Ainsi Klemensiewicz se place dans la tradition de Warburg et de son disciple Erwin Panofsky. Les thèmes et les motifs dans les arts visuels doivent être interrogés au travers de leur contexte et de leurs développements culturels, et non pas seulement au travers de la comparaison avec d'autres artistes.
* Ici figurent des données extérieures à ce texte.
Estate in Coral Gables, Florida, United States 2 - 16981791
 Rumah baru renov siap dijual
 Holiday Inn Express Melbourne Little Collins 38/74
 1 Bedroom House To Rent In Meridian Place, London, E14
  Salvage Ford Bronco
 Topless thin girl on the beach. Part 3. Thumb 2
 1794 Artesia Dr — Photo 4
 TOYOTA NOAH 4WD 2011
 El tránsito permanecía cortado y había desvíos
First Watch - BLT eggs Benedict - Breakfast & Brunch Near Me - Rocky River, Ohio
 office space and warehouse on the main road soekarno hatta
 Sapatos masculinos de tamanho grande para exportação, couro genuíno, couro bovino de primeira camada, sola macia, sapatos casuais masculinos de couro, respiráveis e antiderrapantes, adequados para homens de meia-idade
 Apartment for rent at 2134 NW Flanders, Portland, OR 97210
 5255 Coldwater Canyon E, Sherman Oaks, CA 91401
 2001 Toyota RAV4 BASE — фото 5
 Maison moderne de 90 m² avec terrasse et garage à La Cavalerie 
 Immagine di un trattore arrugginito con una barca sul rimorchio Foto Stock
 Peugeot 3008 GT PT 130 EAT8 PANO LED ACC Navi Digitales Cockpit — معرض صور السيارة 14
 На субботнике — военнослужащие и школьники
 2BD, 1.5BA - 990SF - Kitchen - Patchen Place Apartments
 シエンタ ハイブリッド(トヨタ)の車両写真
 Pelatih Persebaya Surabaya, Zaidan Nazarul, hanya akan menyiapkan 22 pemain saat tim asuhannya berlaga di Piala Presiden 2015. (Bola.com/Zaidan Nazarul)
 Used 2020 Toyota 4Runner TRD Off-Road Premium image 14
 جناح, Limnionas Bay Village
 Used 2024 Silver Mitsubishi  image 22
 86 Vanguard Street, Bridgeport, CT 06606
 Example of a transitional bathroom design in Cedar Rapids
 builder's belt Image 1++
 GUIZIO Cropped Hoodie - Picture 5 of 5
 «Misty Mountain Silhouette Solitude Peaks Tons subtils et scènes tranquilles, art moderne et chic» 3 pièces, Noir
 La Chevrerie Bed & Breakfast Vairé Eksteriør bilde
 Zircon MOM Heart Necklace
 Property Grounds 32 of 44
Nous nous tournons à nouveau vers son œuvre: Il n'est pas si clair, que Klemensiewicz peigne la nature ou le paysage. Il traite la nature sans représenter aucun de ses objets, et il représente des paysages sans territoires. Le géographe Ulrich Eisel décrit le paysage comme une entité conceptuelle, comme la manifestation des modes de vie des gens qui y vivent. Un paysage est noué à un lieu, ou plus encore à un espace vital national ou régional. Il n'est pas abstrait, mais plutôt le fruit d'une création humaine destiné à expliquer les comportements humains imposés par la nature. Les gens de la montagne vivent différemment que les gens du désert ou de la côte. Leurs conceptions du paysage expliquent leurs adaptations.
Klemensiewicz semble contester cette conception. Que ce soit dans ses peintures ou dans ses photographies recouvertes, il ne s'agit jamais d'un paysage propre à telle région ou à telle nation. Il ne s’agit pas pour lui de s'attribuer un habitat en particulier, mais plutôt de révéler des territoires personnels non-explorés, où se diluent les frontières qui séparent des souvenirs des illusions.